Instructions for the task. Down to the last line below, write out every line exactly, starting with the one that contains "Asian business woman" and leaving out the pictures.

(Captioned web image data)
--- START ---

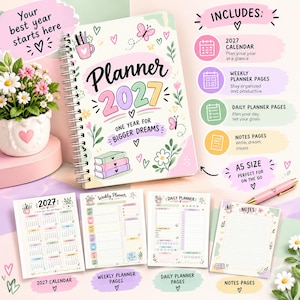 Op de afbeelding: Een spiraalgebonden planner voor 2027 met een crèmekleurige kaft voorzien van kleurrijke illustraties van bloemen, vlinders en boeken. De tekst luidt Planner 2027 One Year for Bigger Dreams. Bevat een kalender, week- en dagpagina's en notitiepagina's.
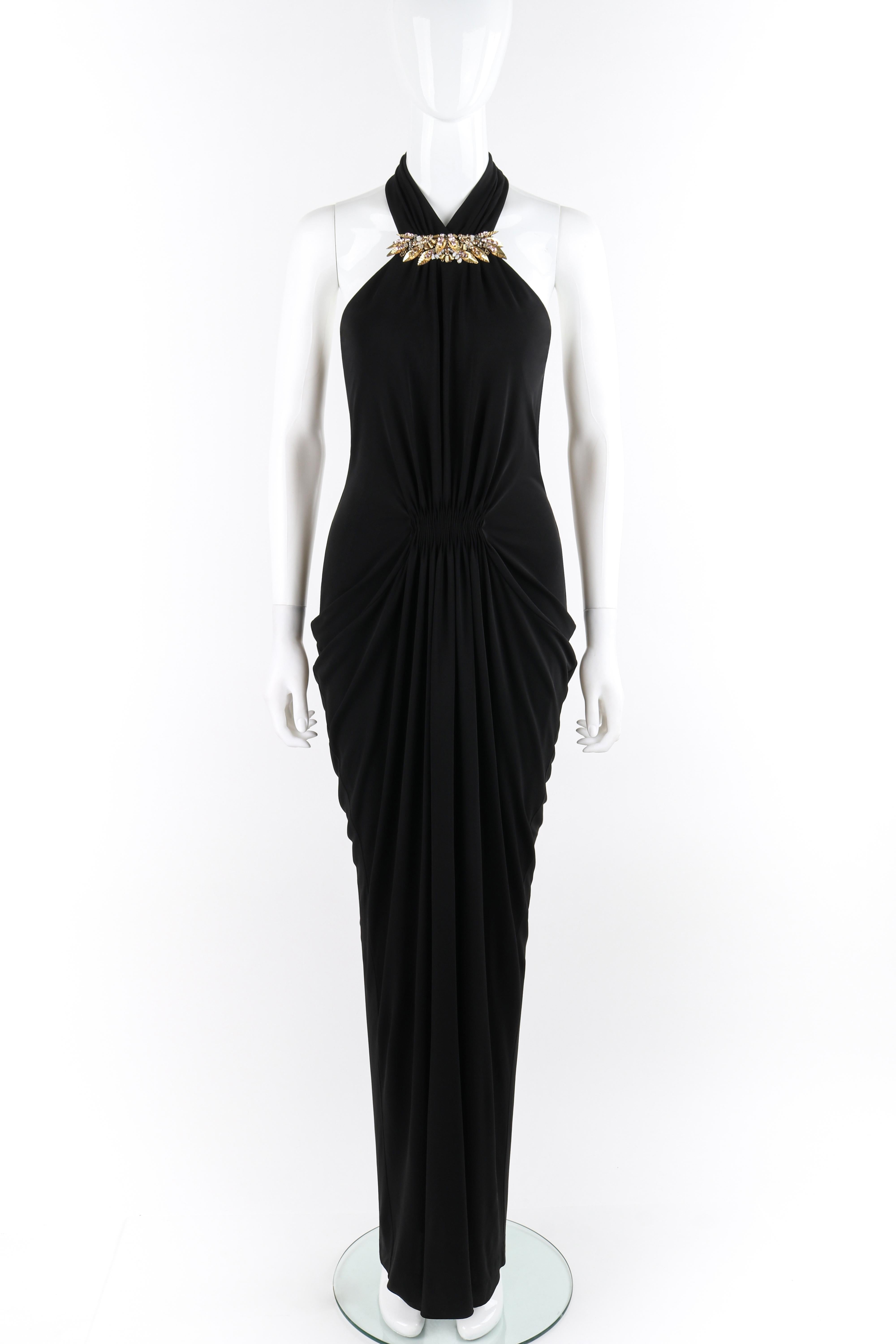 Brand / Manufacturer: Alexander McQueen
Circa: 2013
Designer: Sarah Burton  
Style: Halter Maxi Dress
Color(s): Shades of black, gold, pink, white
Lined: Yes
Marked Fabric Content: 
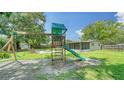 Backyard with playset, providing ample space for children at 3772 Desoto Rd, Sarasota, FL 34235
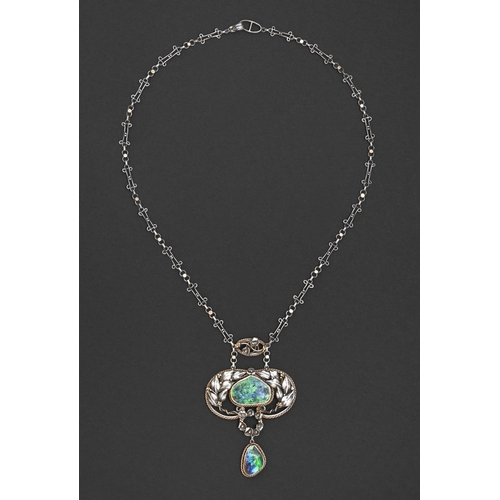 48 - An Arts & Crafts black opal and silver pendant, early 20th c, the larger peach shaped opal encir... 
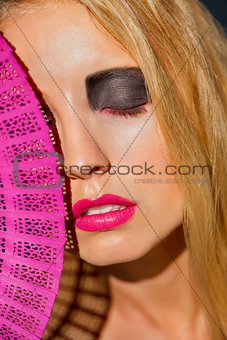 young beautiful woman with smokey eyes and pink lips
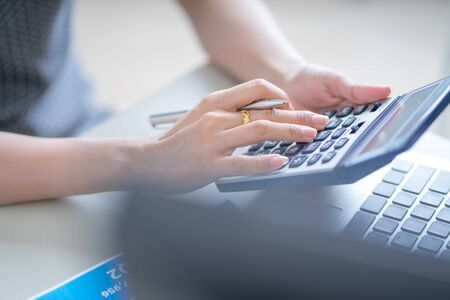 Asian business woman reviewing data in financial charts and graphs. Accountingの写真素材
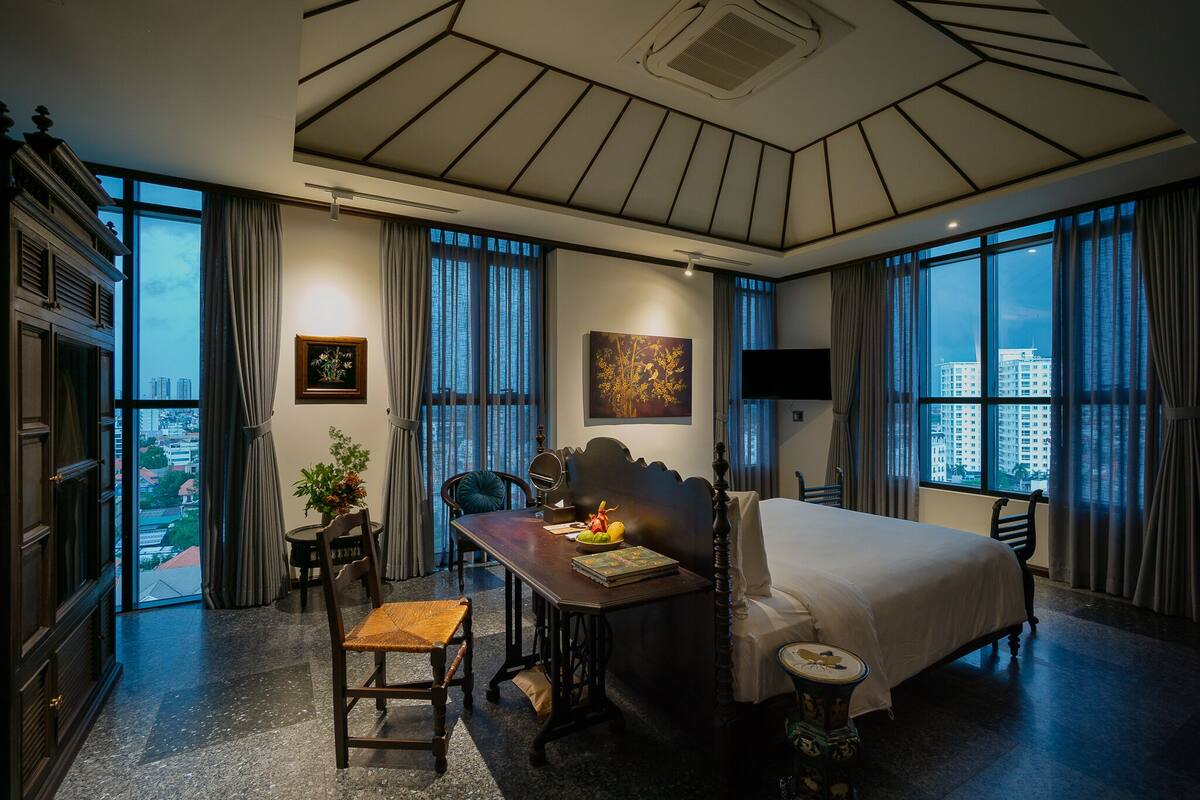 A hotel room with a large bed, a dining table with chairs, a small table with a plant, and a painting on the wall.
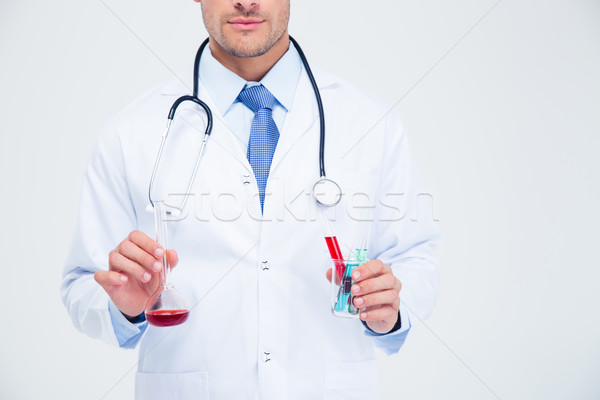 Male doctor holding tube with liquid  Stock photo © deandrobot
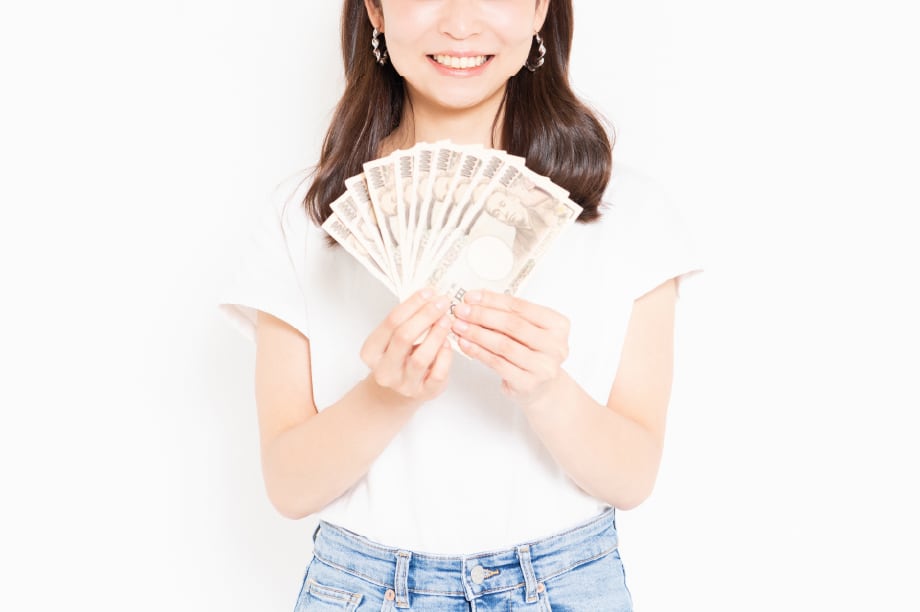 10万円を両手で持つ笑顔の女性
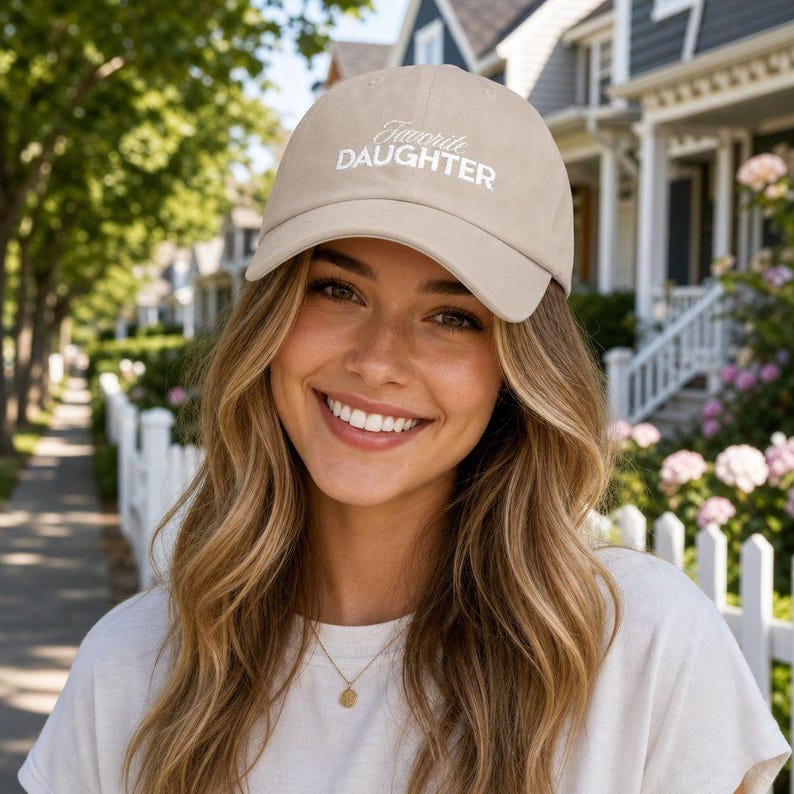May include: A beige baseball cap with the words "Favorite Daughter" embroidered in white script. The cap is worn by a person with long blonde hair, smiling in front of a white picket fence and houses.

--- END ---

Response to the task.
 Asian business woman reviewing data in financial charts and graphs. Accountingの写真素材
 A hotel room with a large bed, a dining table with chairs, a small table with a plant, and a painting on the wall.
 Male doctor holding tube with liquid  Stock photo © deandrobot
 10万円を両手で持つ笑顔の女性
May include: A beige baseball cap with the words "Favorite Daughter" embroidered in white script. The cap is worn by a person with long blonde hair, smiling in front of a white picket fence and houses.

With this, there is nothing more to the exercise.